|Grand Central |
by Julianna Baggot
Why would anyone want to leave a perfectly safe, protected environment like "The Dome" after a nuclear detonation, especially when those who survived outside The Dome are dangerous, hungry mutants? Partridge wants to leave, but only because he believes his mother may be alive and living somewhere amongst the "Wretches" outside, and he knows he has to find her. After his escape, he meets Pressia, running for her life from the deadly OSR, a militant organization that rules the new world. Unexpectedly, the two join forces, but neither can anticipate the truths nor the treachery their partnership will uncover.

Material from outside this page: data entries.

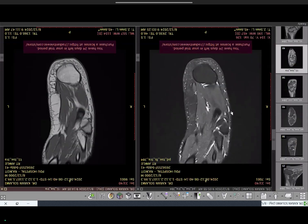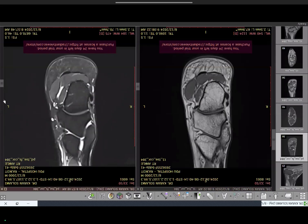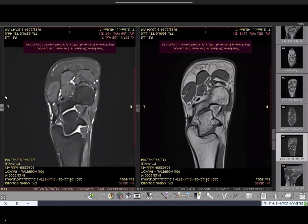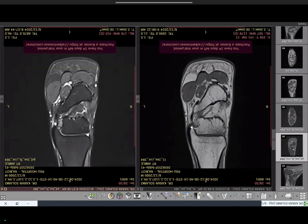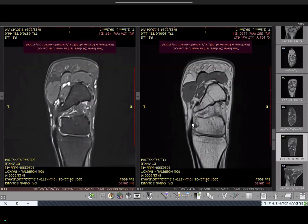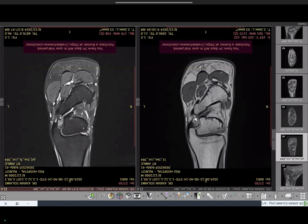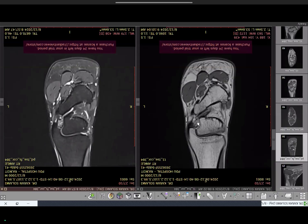Now coming to the coronal sections. The most important structure not well seen in axial or sagittal is the deltoid ligament. It lies between the medial malleolus and the talus — a rectangular structure in the deepest part. It appears somewhat heterogeneous even on T1, appearing nearly isointense to marrow, because of synovial fat within the deep fibers. On PDFs it appears hyperintense due to magic angle effect. Please do not report this as a tear — it is the normal appearance of the deep deltoid.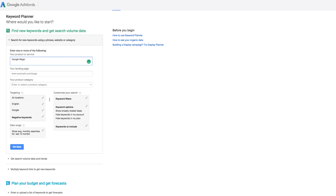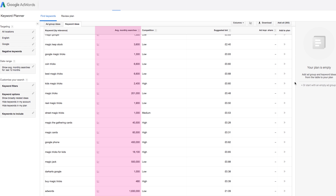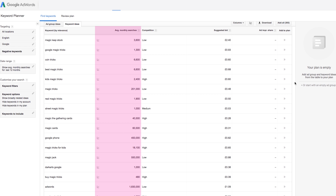The key elements to look out for here are: is there a lot of average monthly searches? If there is, this could potentially mean that more people are searching for those terms and competition has the potential to be quite high. Do the suggestions relate to your website, your business, or your products? If the answer is yes, then we can continue.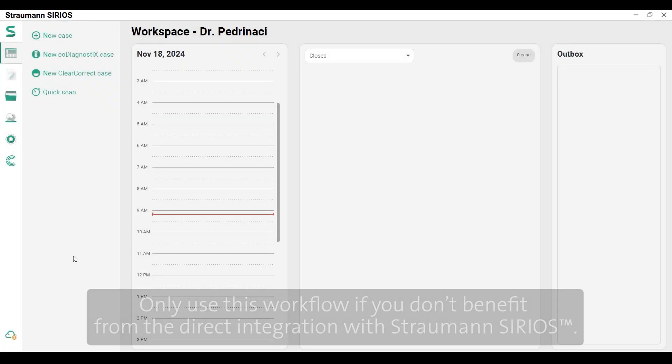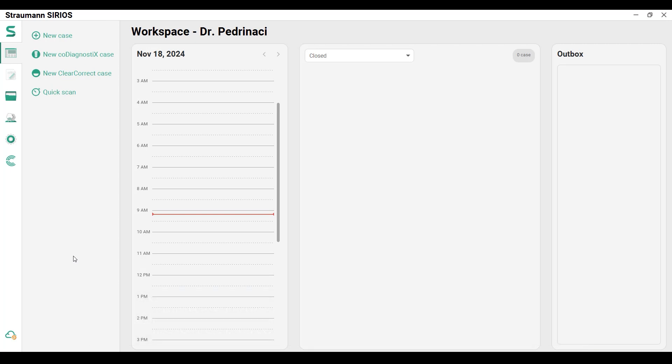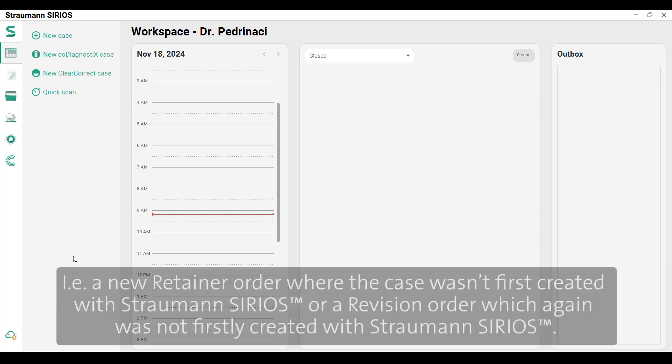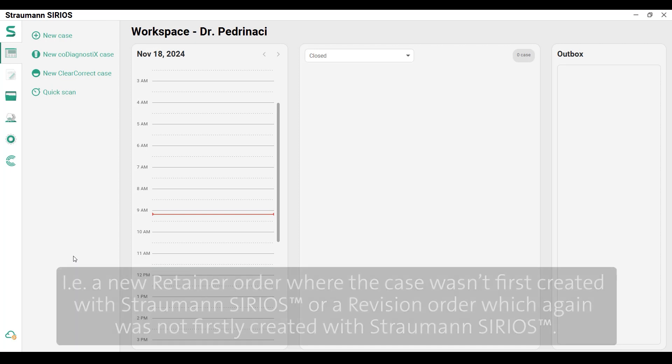Only use this workflow if you don't benefit from the direct integration with Straumann Sirius — for example, a new retainer order where the case wasn't first created with Straumann Sirius, or a revision order which again was not first created with Straumann Sirius.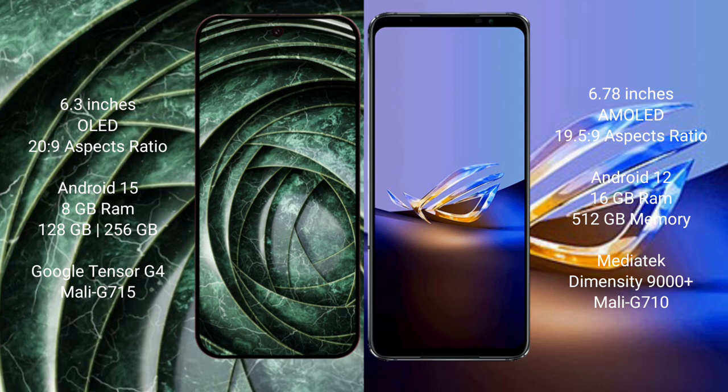The Google Pixel 9a runs on the Android 15 operating system. It comes with 8GB RAM and 128GB or 256GB internal storage.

What makes this novel unique might also be its only real weakness. The Wretches who live outside the dome all have experienced scars, deformities, mutations or fusions as a result of the nuclear detonation. This is science fiction and some stretching is required, but it’s hard to imagine people with birds, dogs, rocks, and even other people fused to their bodies; it’s even harder to imagine both humans and creatures still living after such a fusion. And yet, it is that very quirky detail that adds flavor to the work and sets this novel apart from a sea of post-apocalyptic works. The author makes the reader see these creatures and this scorched earth through incredibly descriptive language. Pressia survives with a doll head fused to her hand, her grandfather has a fan fused in his throat, Pressia’s nemesis-turned-friend, Bradwell ,survives with birds "nesting" in his back, and El Capitan, the vicious and emotionally broken OSR captain, lives with his brother Helmud fused to his back. Perhaps these deformities, and the deformities of every character outside the Dome, every character who is not "Pure," add a fascinating, morbid level of interest to the novel. Told in the alternating voices of Pressia and Partridge, the story contains plenty of fighting and bloody battles along the way to satisfy even the most hard-core zombie fans, while at the same time keeping characters realistically drawn with very human weaknesses and emotions. But what really cements the story and makes it enjoyable are the clues that Pressia and Partridge uncover on their journey, unexpected clues that reveal secrets about the past neither could have ever imagined—secrets and new evidence that those who think they are safe in the Dome may be even more at risk than the Wretches outside.